At the beginning of this magnificent letter Paul had described Christians as being ‘in Christ’ even while they were still ‘at Ephesus’. More than that, they had already begun to taste and enjoy the spiritual blessings of the new age, ‘in heavenly places’ (Blessed be the God and Father of our Lord Jesus Christ, who has blessed us in Christ with every spiritual blessing in the heavenly places, Eph 1:3).
Now, as Paul returns to talk about life in those heavenly places (verse 12), he introduces a surprising turn of events. This realm where spiritual blessings are received is also the location of an ongoing spiritual battle. While Christ has delivered the deathblow to the powers of darkness, they are not yet finally destroyed. To be raised from spiritual death into spiritual life by Christ the King means that we are no longer the followers (or prisoners) of the prince of the power of the air (in which you once walked, following the course of this world, following the prince of the power of the air, the spirit that is now at work in the sons of disobedience—Eph 2:2). We are now ‘the opposition.’ But precisely as such, we have become the object of all his recriminating and destructive forces.
Consequently, the final proof that we have been raised up to sit with Christ in the heavenly places and now walk in a way that is worthy of him is: we keep our feet and are able to remain standing in the battle against the Evil One.

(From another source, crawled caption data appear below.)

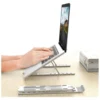 Supporto notebook Techly 364255 ICA TBL 134TY Silver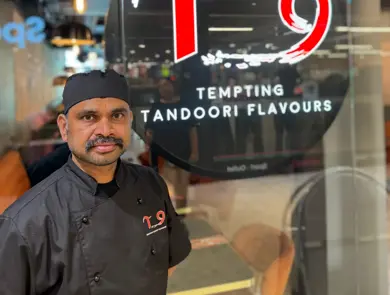 tandoori
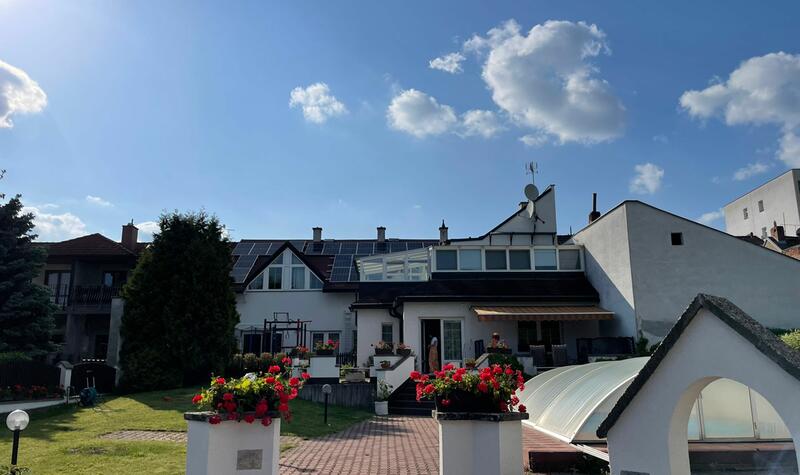 Reference: Realizace FVE s dotací Nová zelená úsporám- Hradec Králové 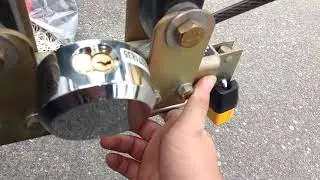How to Secure Bikes on a Bike Rack Over Night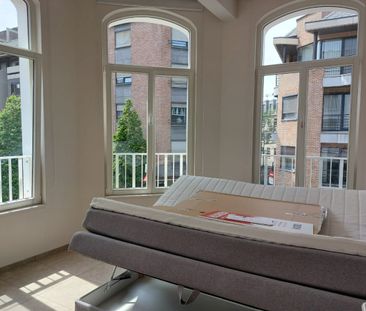 Instapklaar 1-slpk-app. met terras in centrum Hasselt - Foto 1
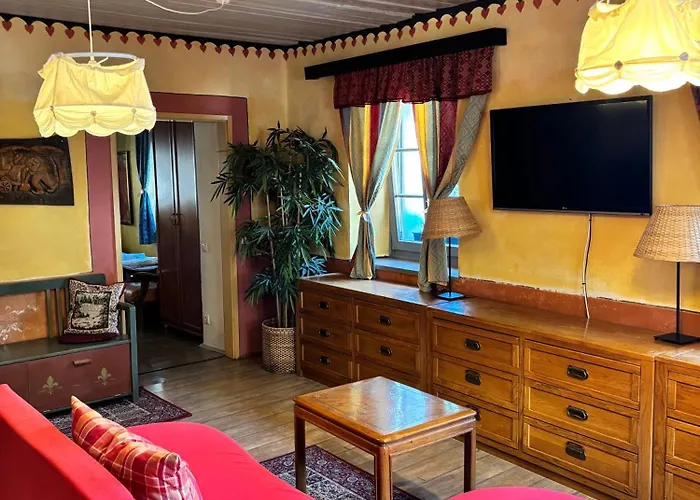 Belopeski Dvori Apartman Kranjska Gora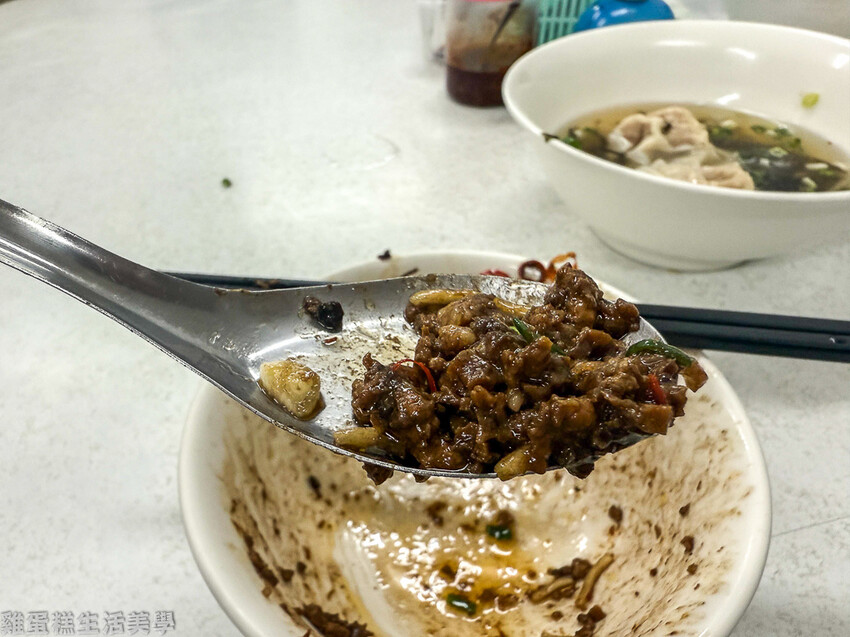 【新竹食記】清大雙喜餛飩、老虎麵 【新竹食記】清大雙喜餛飩、老虎麵
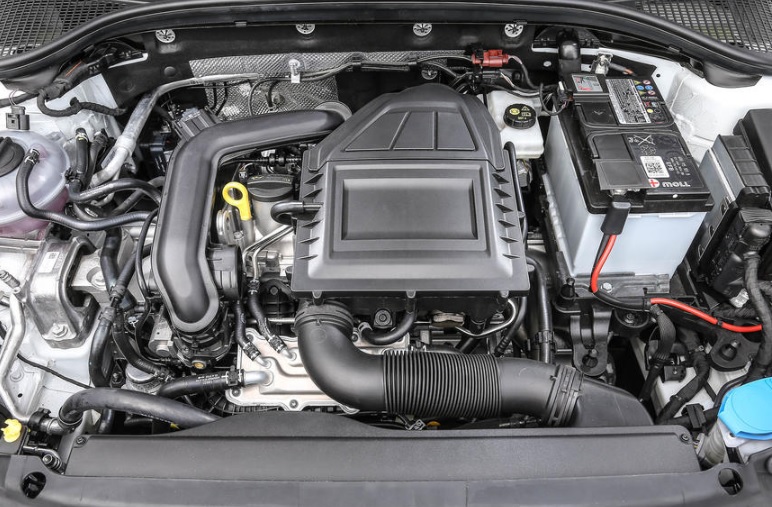 2015 Skoda Octavia 1.2 TSI Optimal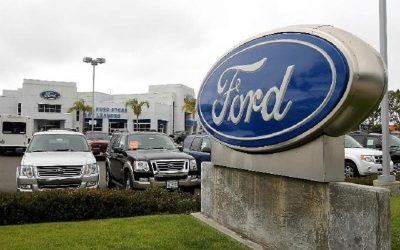 Ford Guanajuato será la novena planta de ensamblaje de vehículos eléctricos en México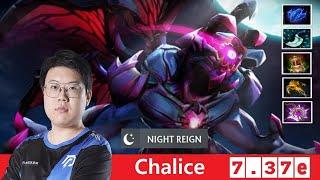 [DOTA 2] Chalice the NIGHT STALKER [OFFLANE] [7.37e] [2]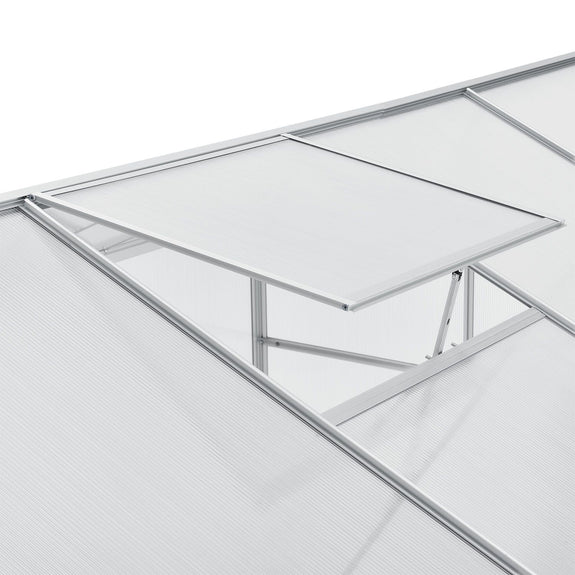 Aluminium Broeikas / Kweekkas - GH250F1 - 4,75m² - Afbeelding 8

Early in the Christian life we might think that to stand (verse 11) in this spiritual warfare is a relatively insignificant achievement. But the more we read the New Testament, and the longer we experience the pressure of spiritual warfare, the more clearly we will see that to remain standing – after all the heat of the battle – is the result of the work of supernatural grace in us. This is why Paul reiterates the idea (11 Put on the whole armor of God, that you may be able to stand against the schemes of the devil; 13 Therefore take up the whole armor of God, that you may be able to withstand in the evil day, and having done all, to stand firm;.. 14 Stand therefore, having fastened on the belt of truth, and having put on the breastplate of righteousness, Verses 11, 13 twice, and 14).
Three issues are common to battles of every kind:
1) What is the context and nature of the battle?
2) Who is the enemy and what is his strength?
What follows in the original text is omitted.